Synchronisation under shocks: The Lévy Kuramoto model

We study the Kuramoto model of identical oscillators on Erdős–Rényi (ER) and Barabasi–Alberts (BA) scale free networks examining the dynamics when perturbed by a Lévy noise. Lévy noise exhibits heavier tails than Gaussian while allowing for their tempering in a controlled manner. This allows us to understand how 'shocks’ influence individual oscillator and collective system behaviour of a paradigmatic complex system.
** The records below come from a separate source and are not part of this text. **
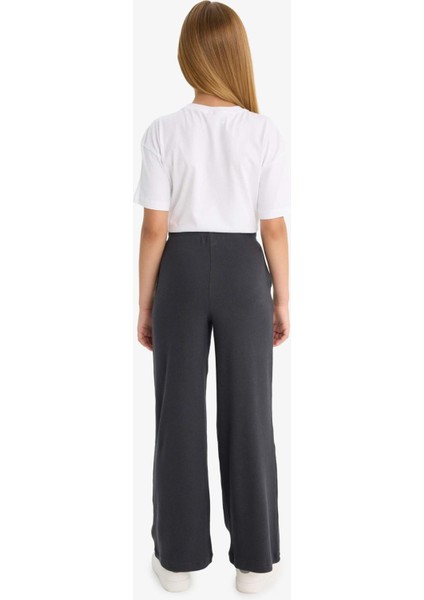 Kız Çocuk Beli Lastikli Wide Leg Geniş Paça Eşofman Altı E1836A825AU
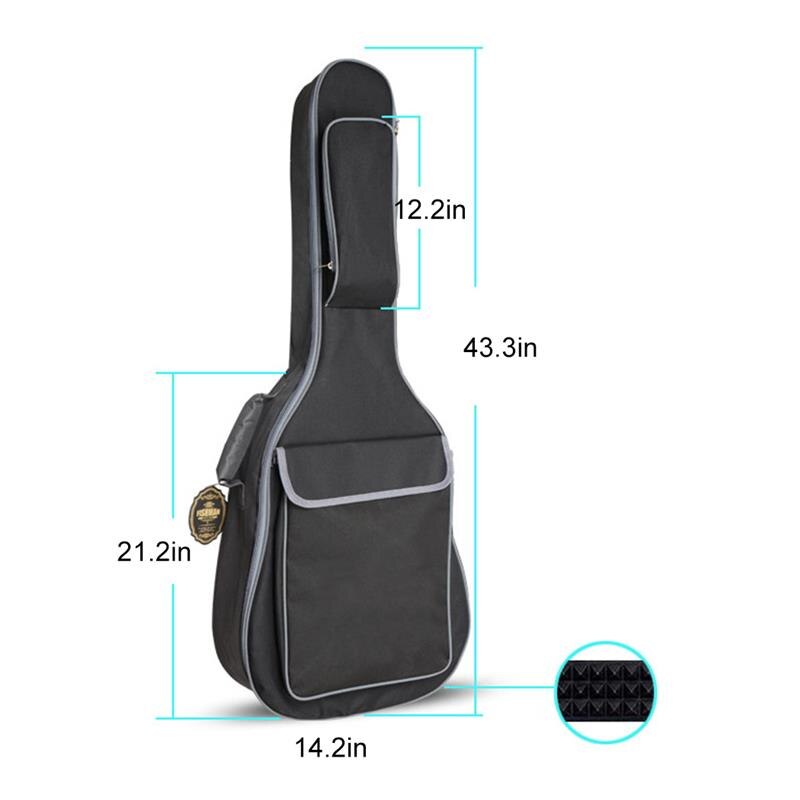 40/41 Inch Oxford Fabric Acoustic Guitar Gig Bag Waterproof Backpack 10mm Cotton Double Shoulder Straps Padded Soft Case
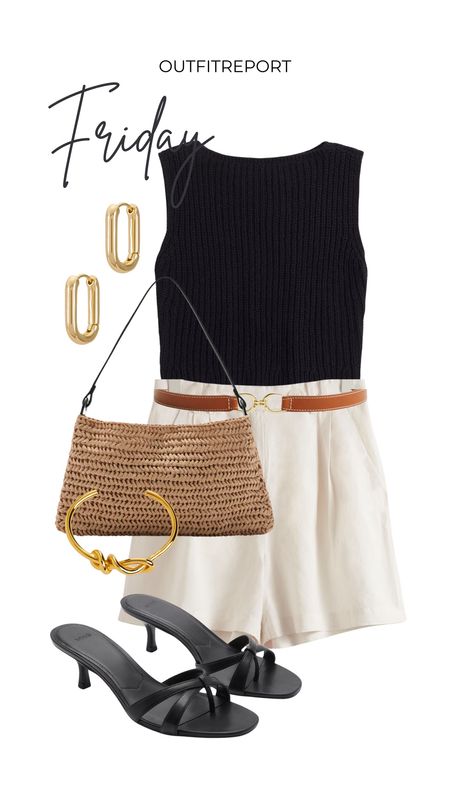 Holiday vacation outfit black knit top beige white linen trousers shorts straw handbag black heeled sandals and gold jewellery 

#LTKshoes #LTKsummer #LTKstyletip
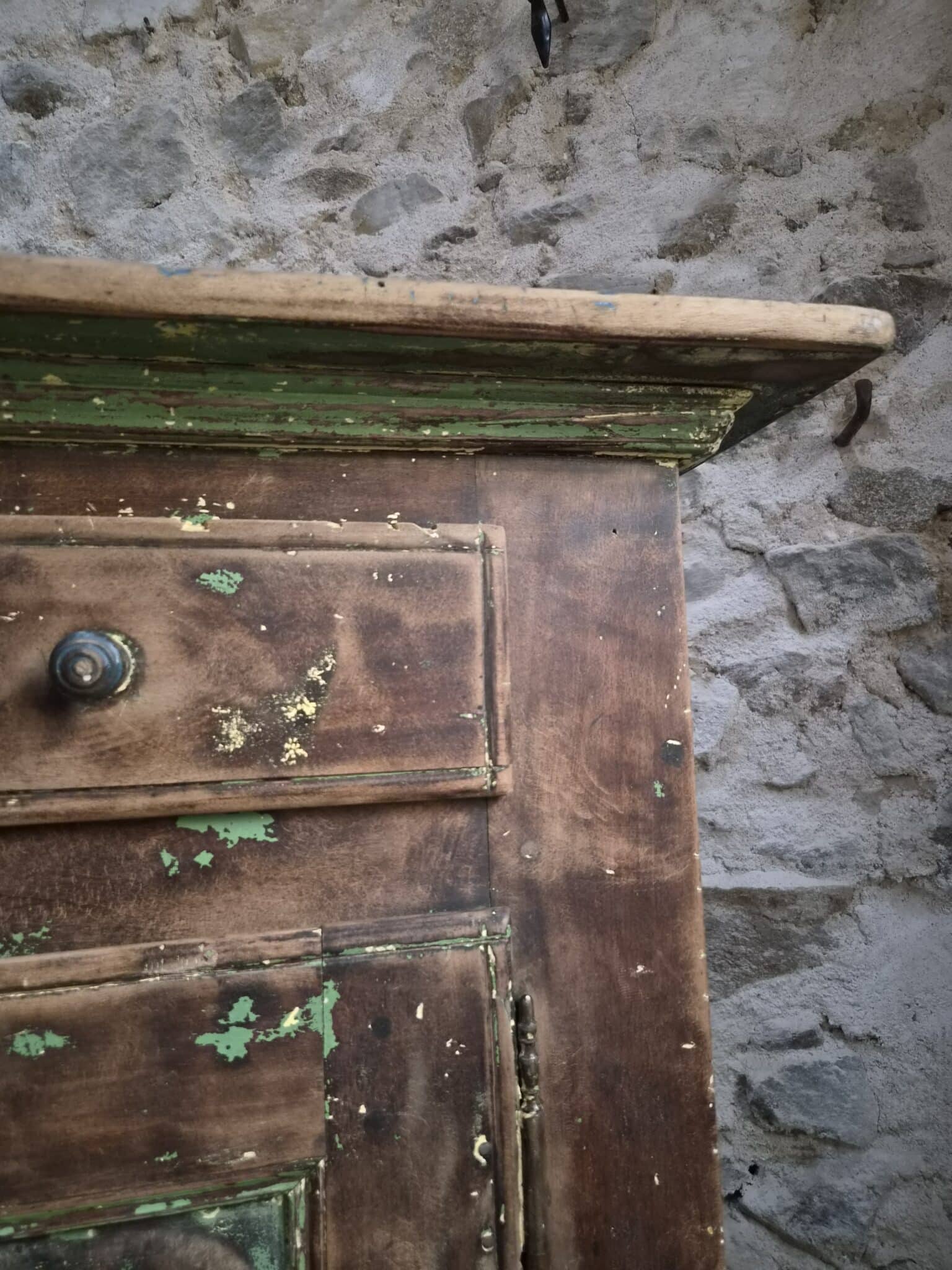 Rustic French Walnut Buffet Cabinet, 18th Century, 3 Drawers & 2 Doors (13)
Skewed α-stable Lévy noise, equivalent to fractional diffusion perturbations, are considered, but overlaid by exponential tempering of rate λ. In an earlier paper we found that synchrony takes a variety of forms for identical Kuramoto oscillators subject to stable Lévy noise, not seen for the Gaussian case, and changing with α: a noise-induced drift, a smooth α dependence of the point of cross-over of synchronisation point of ER and BA networks, and a severe loss of synchronisation at low values of α. In the presence of tempering we observe both analytically and numerically a dramatic change to the α<1 behaviour where synchronisation is sustained over a larger range of values of the ‘noise strength’ σ, improved compared to the α>1 tempered cases. Analytically we study the system close to the phase synchronised fixed point and solve the tempered fractional Fokker–Planck equation. There we observe that densities show stronger support in the basin of attraction at low α for fixed coupling, σ and tempering λ. We then perform numerical simulations for networks of size N=1000 and average degree d̄=10. There, we compute the order parameter r as a function of σ for fixed α and λ and observe values of r≈1 over larger ranges of σ for α<1 and λ≠0. In addition we observe drift of both positive and negative slopes for different α and λ when native frequencies are equal, and confirm a sustainment of synchronisation down to low values of α. We propose a mechanism for this in terms of the basic shape of the tempered stable Lévy densities for various α and how it feeds into Kuramoto oscillator dynamics and illustrate this with examples of specific paths.